Available data »
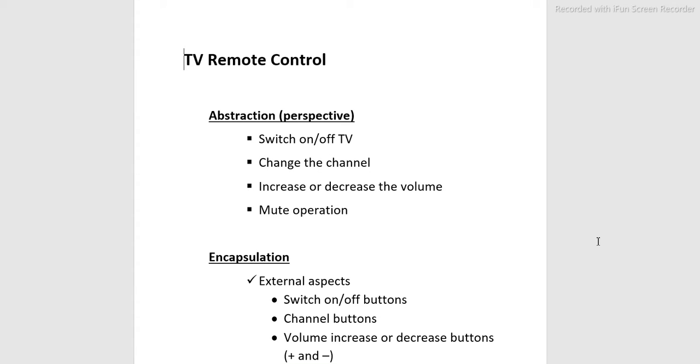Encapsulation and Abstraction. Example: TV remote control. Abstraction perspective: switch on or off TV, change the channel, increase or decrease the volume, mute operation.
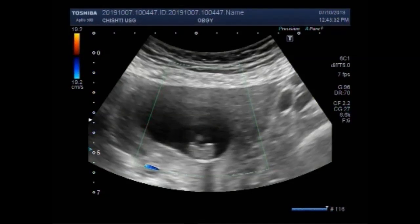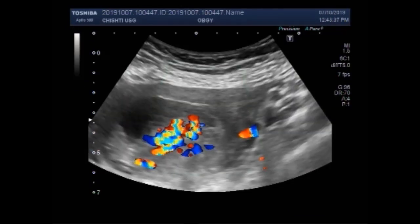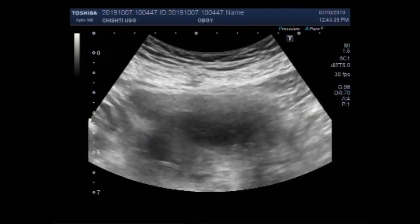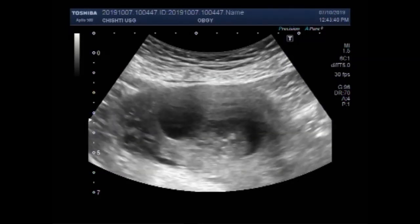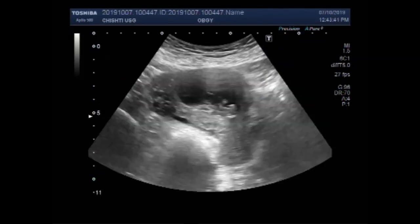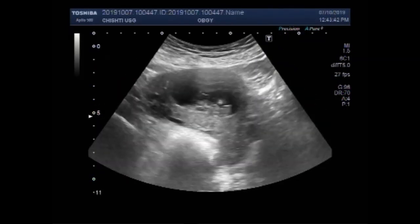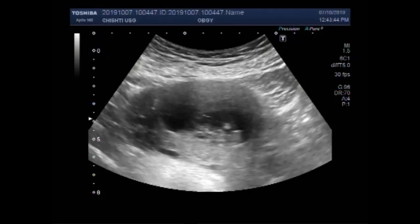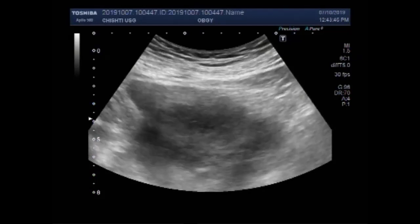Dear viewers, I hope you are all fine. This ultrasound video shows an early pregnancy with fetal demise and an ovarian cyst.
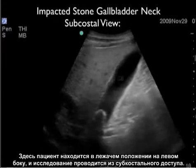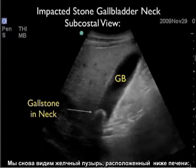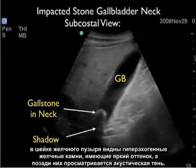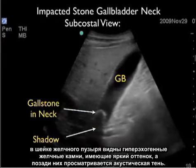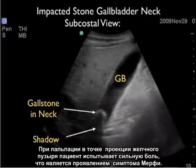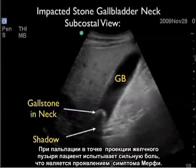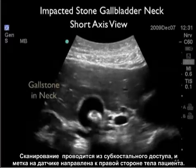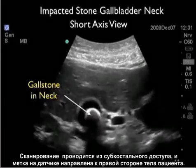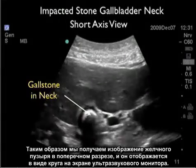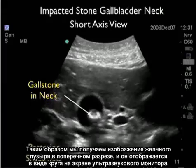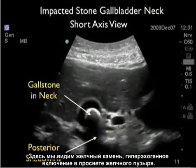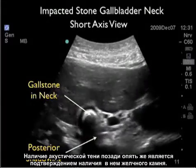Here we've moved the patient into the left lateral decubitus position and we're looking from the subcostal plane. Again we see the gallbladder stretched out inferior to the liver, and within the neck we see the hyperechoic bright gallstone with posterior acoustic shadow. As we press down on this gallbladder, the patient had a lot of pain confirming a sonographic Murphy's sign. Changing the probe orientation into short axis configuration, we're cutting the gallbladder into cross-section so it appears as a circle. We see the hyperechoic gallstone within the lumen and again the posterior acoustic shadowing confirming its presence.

What to do »
Every line above is to be given again exactly, apart from the pictures.

Task answer »
Encapsulation and Abstraction. Example: TV remote control. Abstraction perspective: switch on or off TV, change the channel, increase or decrease the volume, mute operation.
Dear viewers, I hope you are all fine. This ultrasound video shows an early pregnancy with fetal demise and an ovarian cyst.
Here we've moved the patient into the left lateral decubitus position and we're looking from the subcostal plane. Again we see the gallbladder stretched out inferior to the liver, and within the neck we see the hyperechoic bright gallstone with posterior acoustic shadow. As we press down on this gallbladder, the patient had a lot of pain confirming a sonographic Murphy's sign. Changing the probe orientation into short axis configuration, we're cutting the gallbladder into cross-section so it appears as a circle. We see the hyperechoic gallstone within the lumen and again the posterior acoustic shadowing confirming its presence.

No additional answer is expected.